[Exercise aim]: Look below for the line containing "Woman with curly"; write out that line and each one after it to the end, exactly, and nothing else.

::: Exercise material

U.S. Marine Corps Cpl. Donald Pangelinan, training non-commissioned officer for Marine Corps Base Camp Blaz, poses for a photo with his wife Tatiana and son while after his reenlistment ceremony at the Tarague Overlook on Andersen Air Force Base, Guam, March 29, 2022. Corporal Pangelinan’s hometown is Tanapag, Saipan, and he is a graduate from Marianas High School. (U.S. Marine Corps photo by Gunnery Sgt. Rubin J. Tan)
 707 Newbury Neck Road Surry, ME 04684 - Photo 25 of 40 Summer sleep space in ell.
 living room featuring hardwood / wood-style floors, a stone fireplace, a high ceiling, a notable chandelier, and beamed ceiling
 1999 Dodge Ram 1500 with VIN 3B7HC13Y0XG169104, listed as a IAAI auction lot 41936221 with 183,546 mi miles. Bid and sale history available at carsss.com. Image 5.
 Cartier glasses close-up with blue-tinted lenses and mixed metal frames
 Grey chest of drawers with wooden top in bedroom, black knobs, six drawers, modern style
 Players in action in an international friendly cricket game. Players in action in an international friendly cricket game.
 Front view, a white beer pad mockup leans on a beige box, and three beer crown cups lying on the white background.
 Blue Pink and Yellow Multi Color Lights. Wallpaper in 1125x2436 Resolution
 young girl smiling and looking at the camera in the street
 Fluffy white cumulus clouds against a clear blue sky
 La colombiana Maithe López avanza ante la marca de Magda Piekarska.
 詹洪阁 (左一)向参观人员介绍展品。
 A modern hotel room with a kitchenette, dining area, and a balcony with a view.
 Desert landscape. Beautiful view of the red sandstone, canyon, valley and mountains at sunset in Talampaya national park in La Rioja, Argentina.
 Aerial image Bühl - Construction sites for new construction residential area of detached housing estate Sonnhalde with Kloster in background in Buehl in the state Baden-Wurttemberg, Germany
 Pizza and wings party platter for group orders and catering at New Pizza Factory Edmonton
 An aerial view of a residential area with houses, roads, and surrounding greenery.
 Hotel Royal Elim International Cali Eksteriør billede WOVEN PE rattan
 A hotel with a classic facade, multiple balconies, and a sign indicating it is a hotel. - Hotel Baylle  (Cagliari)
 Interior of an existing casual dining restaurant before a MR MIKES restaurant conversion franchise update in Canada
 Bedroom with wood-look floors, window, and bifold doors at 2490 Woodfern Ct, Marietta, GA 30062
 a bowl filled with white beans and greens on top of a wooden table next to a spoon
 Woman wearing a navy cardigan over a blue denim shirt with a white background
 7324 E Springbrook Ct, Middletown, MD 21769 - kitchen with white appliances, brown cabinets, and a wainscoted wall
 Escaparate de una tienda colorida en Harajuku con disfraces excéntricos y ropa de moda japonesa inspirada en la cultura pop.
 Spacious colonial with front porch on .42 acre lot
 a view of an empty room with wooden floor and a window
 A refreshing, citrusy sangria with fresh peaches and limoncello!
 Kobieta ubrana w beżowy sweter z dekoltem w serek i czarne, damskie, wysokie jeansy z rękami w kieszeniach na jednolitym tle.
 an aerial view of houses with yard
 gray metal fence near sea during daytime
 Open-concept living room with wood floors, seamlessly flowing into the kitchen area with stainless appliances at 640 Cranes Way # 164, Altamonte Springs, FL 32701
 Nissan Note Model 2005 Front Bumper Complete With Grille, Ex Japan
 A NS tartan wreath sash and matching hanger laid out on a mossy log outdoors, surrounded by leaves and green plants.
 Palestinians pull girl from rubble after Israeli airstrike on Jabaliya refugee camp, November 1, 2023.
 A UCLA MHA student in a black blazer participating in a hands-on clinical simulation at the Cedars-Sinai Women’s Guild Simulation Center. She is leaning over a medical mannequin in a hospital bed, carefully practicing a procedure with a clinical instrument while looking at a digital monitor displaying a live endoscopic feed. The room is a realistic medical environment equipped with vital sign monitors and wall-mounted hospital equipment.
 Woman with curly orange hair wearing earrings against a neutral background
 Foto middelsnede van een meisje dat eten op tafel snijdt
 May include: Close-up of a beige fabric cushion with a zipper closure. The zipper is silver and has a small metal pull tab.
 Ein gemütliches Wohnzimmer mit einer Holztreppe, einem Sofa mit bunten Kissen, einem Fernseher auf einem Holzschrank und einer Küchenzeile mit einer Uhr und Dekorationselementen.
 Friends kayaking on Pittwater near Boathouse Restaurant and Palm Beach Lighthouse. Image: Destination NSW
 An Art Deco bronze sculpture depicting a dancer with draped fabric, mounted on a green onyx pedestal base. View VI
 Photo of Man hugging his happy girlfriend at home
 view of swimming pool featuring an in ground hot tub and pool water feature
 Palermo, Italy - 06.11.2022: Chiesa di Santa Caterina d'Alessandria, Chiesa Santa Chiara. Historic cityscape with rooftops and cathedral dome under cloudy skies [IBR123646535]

::::::

[Answer space]:
 Woman with curly orange hair wearing earrings against a neutral background
 Foto middelsnede van een meisje dat eten op tafel snijdt
 May include: Close-up of a beige fabric cushion with a zipper closure. The zipper is silver and has a small metal pull tab.
 Ein gemütliches Wohnzimmer mit einer Holztreppe, einem Sofa mit bunten Kissen, einem Fernseher auf einem Holzschrank und einer Küchenzeile mit einer Uhr und Dekorationselementen.
 Friends kayaking on Pittwater near Boathouse Restaurant and Palm Beach Lighthouse. Image: Destination NSW
 An Art Deco bronze sculpture depicting a dancer with draped fabric, mounted on a green onyx pedestal base. View VI
 Photo of Man hugging his happy girlfriend at home
 view of swimming pool featuring an in ground hot tub and pool water feature
 Palermo, Italy - 06.11.2022: Chiesa di Santa Caterina d'Alessandria, Chiesa Santa Chiara. Historic cityscape with rooftops and cathedral dome under cloudy skies [IBR123646535]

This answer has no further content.